About 1,500 firefighters are battling the blaze on the
southern and western flanks, about 2,500 north and east
around the towns of Show Low, Heber-Overgaard and Pinedale,
officials said. They are Indians and white people, college
students and full-time, professional firefighters.

Linton Ethelbah, a firefighter with Fort Apache Engine 407,
and his four-man crew were battling the flames with a
pumper truck on Tuesday. Life here cannot exist without
trees, he explained. Without their shade, people are naked
and exposed. A fire-starting thunderbolt, a camp fire, a
flare can be a cataclysm because a man cannot survive
longer than his shadow.

"This is the strangest fire I ever seen," said Mr.
Ethelbah, who explained how the Chediski fire had chased
him and his crew up a bluff last week. "It's just
tremendous; half the size of Rhode Island they tell me."

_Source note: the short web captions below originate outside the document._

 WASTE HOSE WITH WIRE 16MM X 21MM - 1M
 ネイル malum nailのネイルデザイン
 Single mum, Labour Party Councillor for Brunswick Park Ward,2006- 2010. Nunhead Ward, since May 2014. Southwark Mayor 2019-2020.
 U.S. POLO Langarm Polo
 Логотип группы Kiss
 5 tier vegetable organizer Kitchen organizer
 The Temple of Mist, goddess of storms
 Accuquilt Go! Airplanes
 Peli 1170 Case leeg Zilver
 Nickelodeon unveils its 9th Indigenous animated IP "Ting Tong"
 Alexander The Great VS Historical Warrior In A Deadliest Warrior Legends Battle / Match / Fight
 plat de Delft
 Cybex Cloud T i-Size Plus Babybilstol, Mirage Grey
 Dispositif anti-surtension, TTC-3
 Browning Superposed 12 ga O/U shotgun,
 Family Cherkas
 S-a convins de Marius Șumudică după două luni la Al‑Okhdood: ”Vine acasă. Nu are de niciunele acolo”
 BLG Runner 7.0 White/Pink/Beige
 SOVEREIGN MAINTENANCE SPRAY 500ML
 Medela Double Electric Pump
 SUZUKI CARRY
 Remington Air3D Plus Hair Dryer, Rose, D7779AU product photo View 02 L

Tim Rash, a white man and a firefighter with the Bureau of
Land Management, was clearing underbrush near the Apache
crew as trees exploded like popcorn kernels. He does the
job for thrills. "I saw a fire like this once in 1988 in
Yosemite," Mr. Rash said. "You know what we did? We let it
burn until the snows came."

Although the Yosemite decision proved wise, as the national
park is green and thriving again, letting their forests
burn is not an option for the Apache people. To let the
forest burn will mean economic ruin. The Hon Dah Resort and
Casino, the second-largest employer in the White Mountain
region after the county government, brings in more than
$130 million a year, and is now closed for what is normally
its busiest season.

The tribe also operates Sun Rise Ski Resort. "We sell our
beautiful lakes and streams to tourists," Roger Leslie, the
general manager of the resort, said. "We don't know what
we'll have until the smoke clears."

Other potential losses of income come from the damage to
wildlife. The tribe sold about 65 permits to hunt elk on
the reservation last year at an average price of $15,000.
There are also bear and mountain lion hunts. The hunting
grounds are in the area of the Chediski fire, along with a
sacred lake, burial grounds and archeological sites.

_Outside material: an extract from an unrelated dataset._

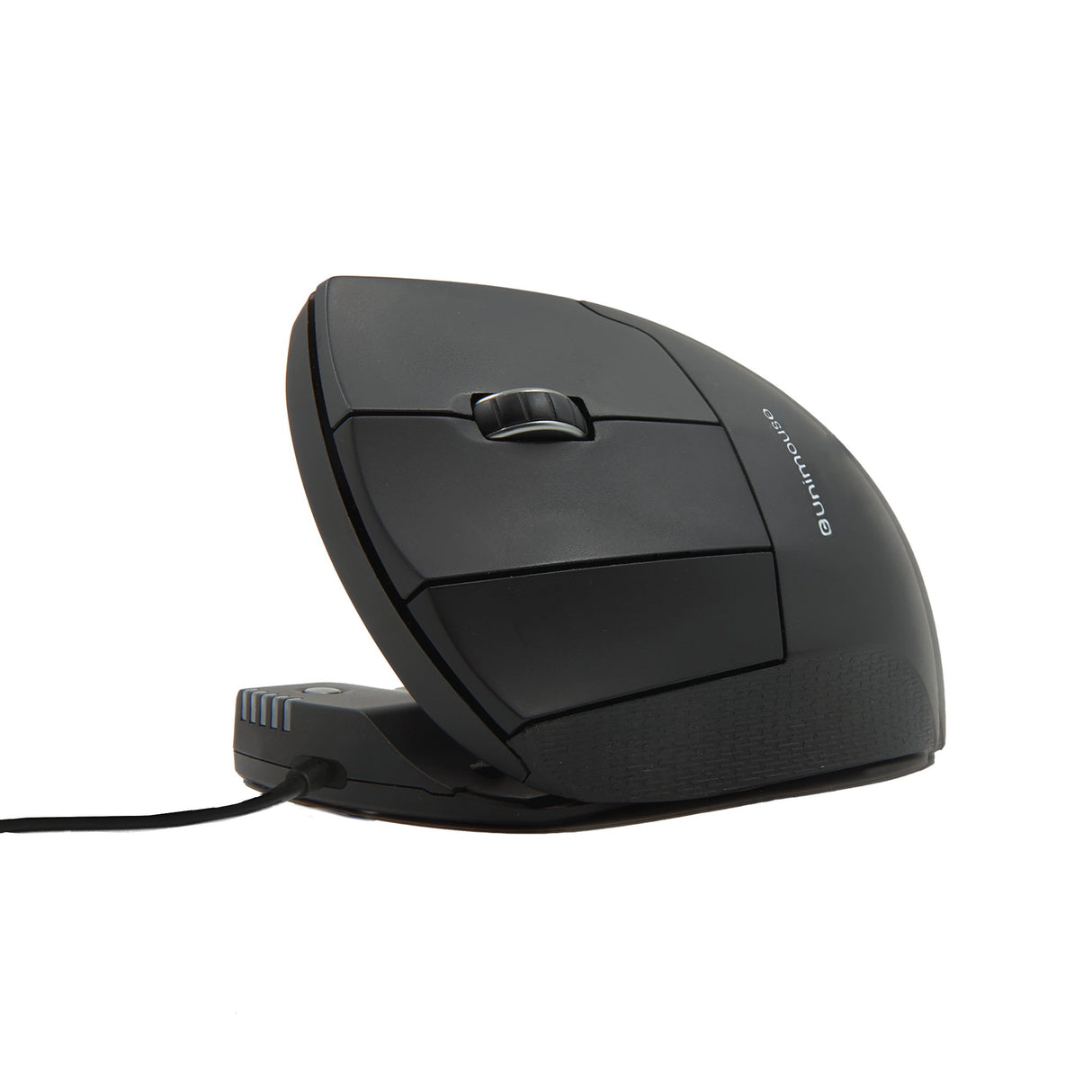 EAN 0743870001158 - Contour Design Unimouse ratón Oficina Izquierda USB Tipo C Óptico 4000 DPI imagen 1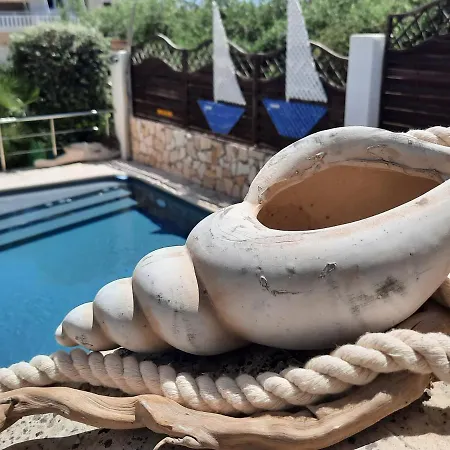 Dimitra's Sea-crafts Boutique Apartamento *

There is an undertone of ill will running throughout the
region. Indians feel sorry about the fire, the bigger one
started north of the Red Dust Rodeo Grounds here, and word
on the reservation is that it was set by a teenager from
the Cibecue community. While authorities continue to
investigate the fire's origin, resentment is growing among
white people in some northern towns. Threatening messages
have been left on the answering machine of Dallas Massey,
the tribal chairman, laying blame for the fire at the feet
of the Apache. Off-handed racial slurs have been tossed at
the Indians shopping in the discount stores in the area,
accusing them of intellectual inferiority. These people
seem to forget that the Chediski fire was started by a
white woman, lost in the wilderness, who lighted an illegal
fire to attract the attention of a news helicopter.

Few reporters have come to the reservation. Little
emergency aid has been sent to White River, the seat of
tribal government, though 1,500 Apaches have been evacuated
from their homes. Some are staying at the Chief Alchesay
Activity Center, some with relatives on the reservation,
some in tent cities near the trickling rivers.

President Bush did not set foot here on his visit on
Tuesday although dozens of Indians stood in the afternoon
sun along Highway 60 at the rumor that he might drive
through.

"We've done all we could," said Herbert Tate, a board
member of the Fort Apache Timber Company, explaining that
the Apache forests are not clearcut, but are thinned and
managed year round. "We were burning out underbrush last
year until residents of Phoenix complained that the smoke
was drifting into the city and making their air quality
poor," Mr. Tate said. "The problem is not management. The
problem is a lack of water."

So now the region's air is thick with smoke from the early
summer's fires. Despite the drought, sprinklers continued
to feed the suburban lawns in Phoenix last night.

Meanwhile back at the fire camp, the men stretched out on
the roofs of their trucks, staring at the 300-foot flames
devouring the timber line along the ridges. Lightning was
predicted for the morning, they were told.